Blasting nazis from a wheelchair in Wolfenstein 2 is mad, brutal and brilliant

By Alex Donaldson

BJ’s back, baby.

Wolfenstein 2

“The guns have a brutal bite, bodies are blown to pieces with absolute glee, and the levels have a more naturally labyrinthine design that continues to recall the best shooters of the 90s PC era.”

As massively increased attendance numbers ensure E3 is even more chaotic and headache-inducing than usual, Wolfenstein 2 is the perfect cure. It’s what I needed.

Mad, fierce and brutal, blasting nazis is as satisfying here in The New Collossus as it was in The New Order and The Old Blood – but MachineGames appears to be even more confident in their formula this time around – and that lets them experiment.

The ending of the previous entry in the series means that things don’t start out too kindly for unapologetic nazi smasher William ‘BJ’ Blazkowicz. Most action games would have you wake up in a hospital and be ready for action in a few seconds – action comes first, after all. Wolfenstein 2 does this – but with a twist. BJ spends the first level in a wheelchair.

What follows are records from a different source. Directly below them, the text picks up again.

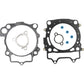 COMETIC Top End Gasket Kit - 97 mm - Yamaha C3540-EST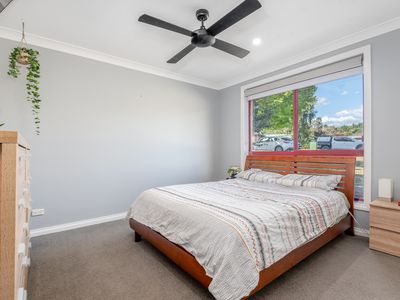 39 Opperman Way, Windradyne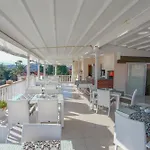 Penzion Bacchus 4*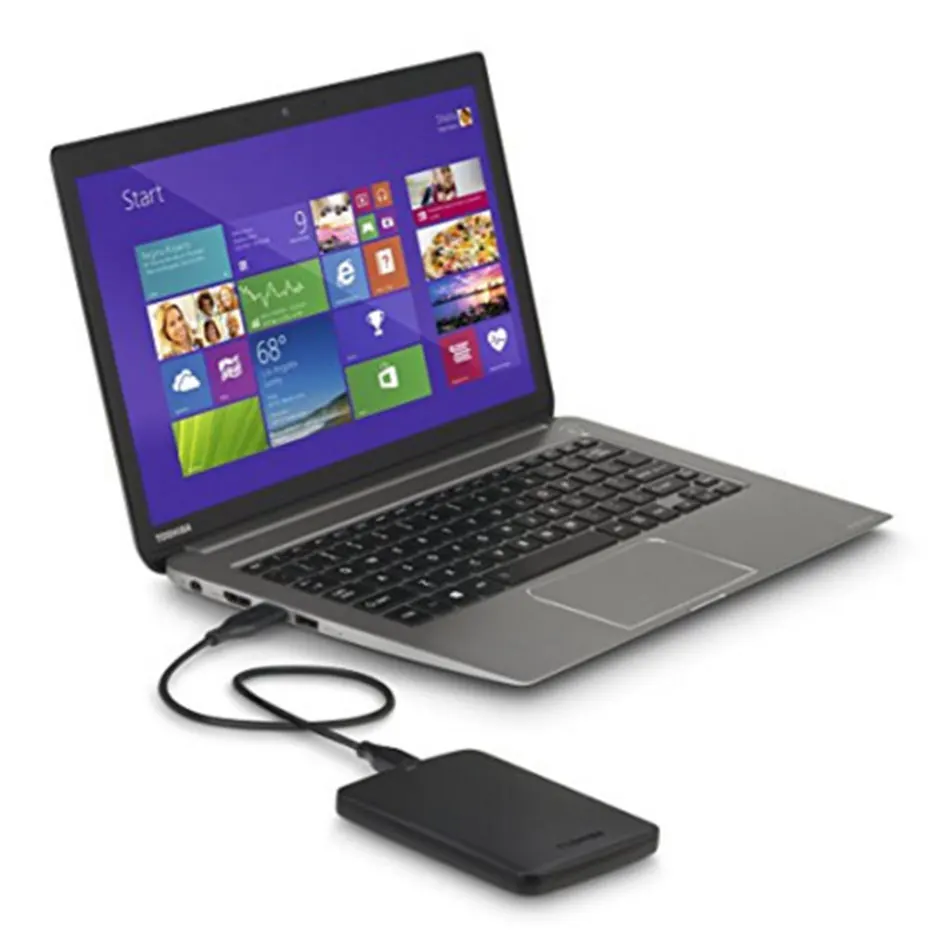 Toshiba 3 ТБ внешний жесткий диск 3 ТБ HDD жесткий диск Disco Duro Externo 1 ТБ HD Harici Externo Disque Dur Externe 1 to Harde Schijf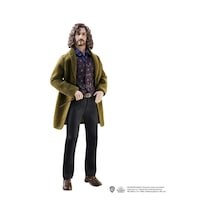 Harry Potter Sirius Black Doll HCJ34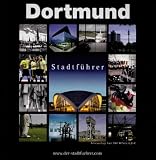 Stadtführer Dortmund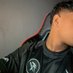 fatalffz🇺🇸 (@fxxauanfov) Twitter profile photo fatalffz🇺🇸 (@fxxauanfov) Twitter profile photo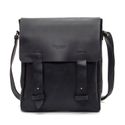 Bolsa PCA 2176 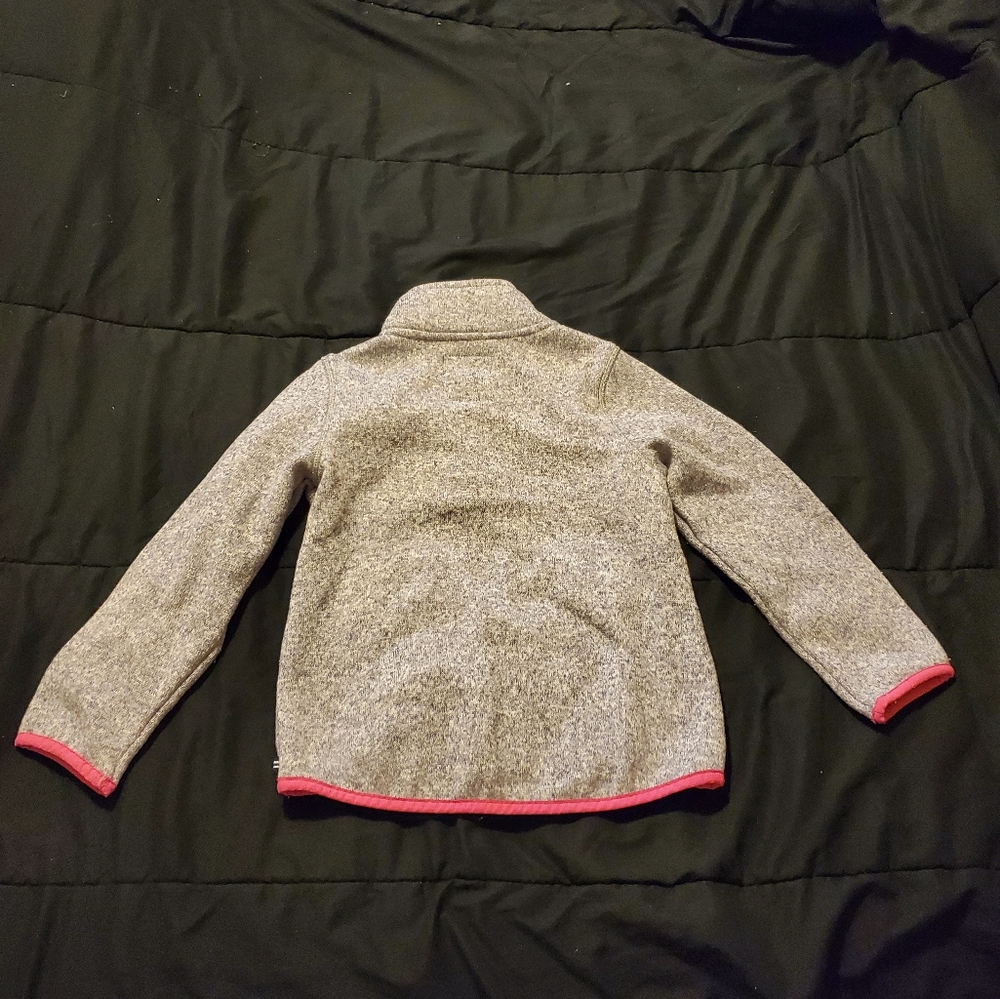 Nautical jacket - Picture 2 of 6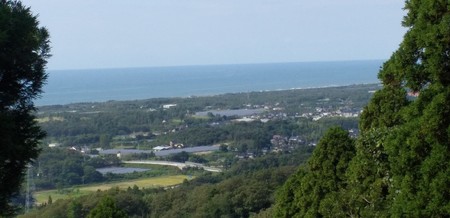 IMG_20200920_134116.jpg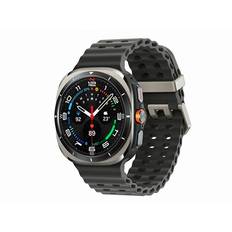 Samsung Galaxy Watch Ultra SM-L705 LTE Sølv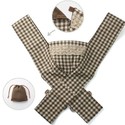 To add this item in your Shopping Cart drag and drop this picture there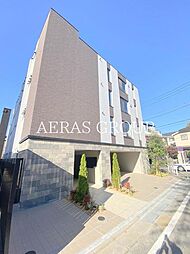 ＰＡＳＥＯ芦花公園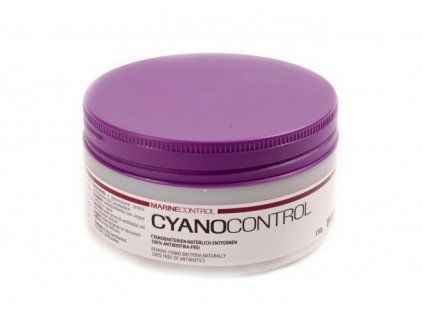 Cyanocontrol 150g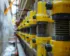 Seismic measurement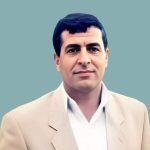اعدام ۱۰ زندانی در کاشمر، بیرجند، نقده، کاشان، شهرکرد، بوشهر، نیشابور، برازجان، اردبیل و ملایر
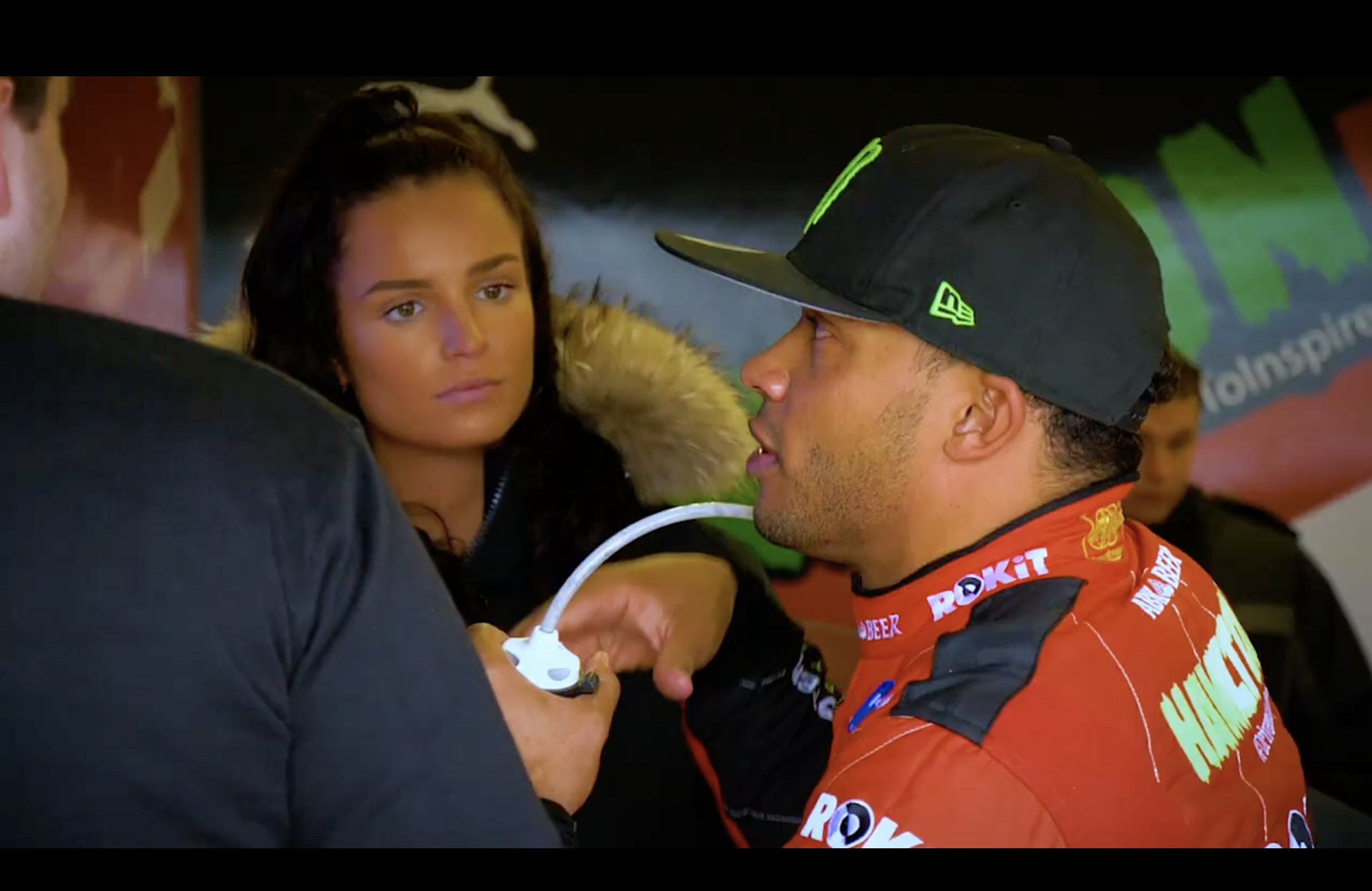 Screenshot 2026-01-07 at 18.27.00.png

He might be an unstoppable super soldier, but in this opening level BJ is significantly weakened. There’s a beat where it looks like he might sit up and start to walk, but no – he has to take the chair. Nothing is going to keep Blazkowicz and the end of his gun from nazis, though, so within minutes you’re multi-tasking – driving the chair and shooting, with BJ stowing his gun between his legs as he wheels the chair about.

This is really the headline from the E3 demo for Wolfenstein, but one can’t help but hope that it’s indicative of the kind of madness we can expect from the rest of the game. It’s a brave choice for a first level and one that’s absurd in its own brilliant way – a bloodied patient, still in hospital gown, taking up a machine gun in one hand before wheeling out into the corridors of a U-boat as a sort of human tank.

Even the U-boat itself isn’t entirely normal – it’s booby trapped with microwave weapons that can fry friend or foe alike in an instant. The level has a sort of natural ebb and flow to it – you go from fighting weaker enemies to switching on and off traps either to blast nazis into atoms or to clear a safe path for you to the next area you need to reach.

The story delights in all this. One cutscene has a constant stream of nazis being exploded in the background. There’s a pulpy-but-gritty tone that continues that Inglorious Basterds feel, and it seems the story will go in some very interesting directions. Every time they speak Bethesda certainly seems confident about the story side of this ammo-burner.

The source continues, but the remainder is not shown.